In the last two years a growing number of women on the Texas-Mexico border turned to underground reproductive healthcare. Gonzales said that is because of the legislature’s 2011 cuts to the Texas Women’s Health Program. That forced Planned Parenthood to shut half of its clinics in the Rio Grande Valley.
“We had eight open back in 2011, we had to close four of them down because we lost 50 percent of our budget right away. So we had to close four of the poorest clinics," he said.
That meant about 10,000 women who were getting free or low-cost reproductive health care and cancer screenings from the Planned Parenthood clinics are now turned away.
And qualified women’s health care will be even harder to find here with the latest round of restrictive abortion laws.
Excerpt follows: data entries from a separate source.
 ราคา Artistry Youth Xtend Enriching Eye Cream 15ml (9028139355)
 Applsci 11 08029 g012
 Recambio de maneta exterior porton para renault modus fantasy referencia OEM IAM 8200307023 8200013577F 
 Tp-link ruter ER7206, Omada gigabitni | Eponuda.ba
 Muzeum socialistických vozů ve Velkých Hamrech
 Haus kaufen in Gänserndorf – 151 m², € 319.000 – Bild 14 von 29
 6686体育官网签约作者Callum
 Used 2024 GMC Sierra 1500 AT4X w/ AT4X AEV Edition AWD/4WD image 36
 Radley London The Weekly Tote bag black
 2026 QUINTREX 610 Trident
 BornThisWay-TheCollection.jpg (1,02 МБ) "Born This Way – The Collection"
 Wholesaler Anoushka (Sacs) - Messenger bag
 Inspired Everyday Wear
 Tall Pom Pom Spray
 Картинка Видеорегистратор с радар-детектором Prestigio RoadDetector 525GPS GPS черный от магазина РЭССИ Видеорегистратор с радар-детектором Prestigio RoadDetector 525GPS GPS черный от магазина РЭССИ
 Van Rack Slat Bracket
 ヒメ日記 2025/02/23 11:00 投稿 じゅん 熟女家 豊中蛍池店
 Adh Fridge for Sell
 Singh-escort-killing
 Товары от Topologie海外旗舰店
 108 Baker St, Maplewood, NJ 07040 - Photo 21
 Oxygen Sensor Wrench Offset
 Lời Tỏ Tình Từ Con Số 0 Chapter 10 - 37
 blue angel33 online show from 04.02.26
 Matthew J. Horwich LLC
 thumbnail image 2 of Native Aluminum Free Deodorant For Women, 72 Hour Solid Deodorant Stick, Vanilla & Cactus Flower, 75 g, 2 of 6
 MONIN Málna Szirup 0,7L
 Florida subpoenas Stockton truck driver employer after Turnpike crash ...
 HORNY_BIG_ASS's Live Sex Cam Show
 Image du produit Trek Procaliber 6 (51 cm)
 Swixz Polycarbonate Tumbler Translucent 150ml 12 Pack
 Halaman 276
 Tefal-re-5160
The two private abortion providers in the Rio Grande Valley say they will close down.
“This bill that was just signed is crafted as a pretty perfect storm to close clinics down," said Amy Hagstrom-Miller, CEO of Whole Woman’s Health.
She said the biggest obstacle in the new law is the requirement that the abortion providing doctor have admitting privileges at a hospital within 30 miles of the clinic.
"Hidalgo County is a federally recognized underserved community for medicine in general, so it’s very difficult for us to find local providers, so often times we fly people in from different parts of Texas," Hagstrom-Miller said. "It’s very difficult to get those folks admitting privileges.”
David Martin Davies
Patricio Gonzalez is the CEO of Planned Parenthood in the Rio Grande Valley.
Planned Parenthood doesn’t provide abortion in the Rio Grande Valley but Patricio Gonzalez said if the other providers do close their doors, he might explore making the required expensive renovations.
At one clinic there is a cancer screening room, about 10 feet by 12 feet, where colposcopies are done. There's enough space for an examination table, equipment and cabinets, but under the new law it's not big enough for abortions.
"The legislature wants them tripled, quadrupled in size, the hallways have to be wider, and what does that do for women’s health? Nothing," Gonzalez said.
In the clinic's break room there is a handmade sign on the table: “Keep your Rosaries out of My Ovaries.” Proof that even though the law has been passed, the fight isn’t over.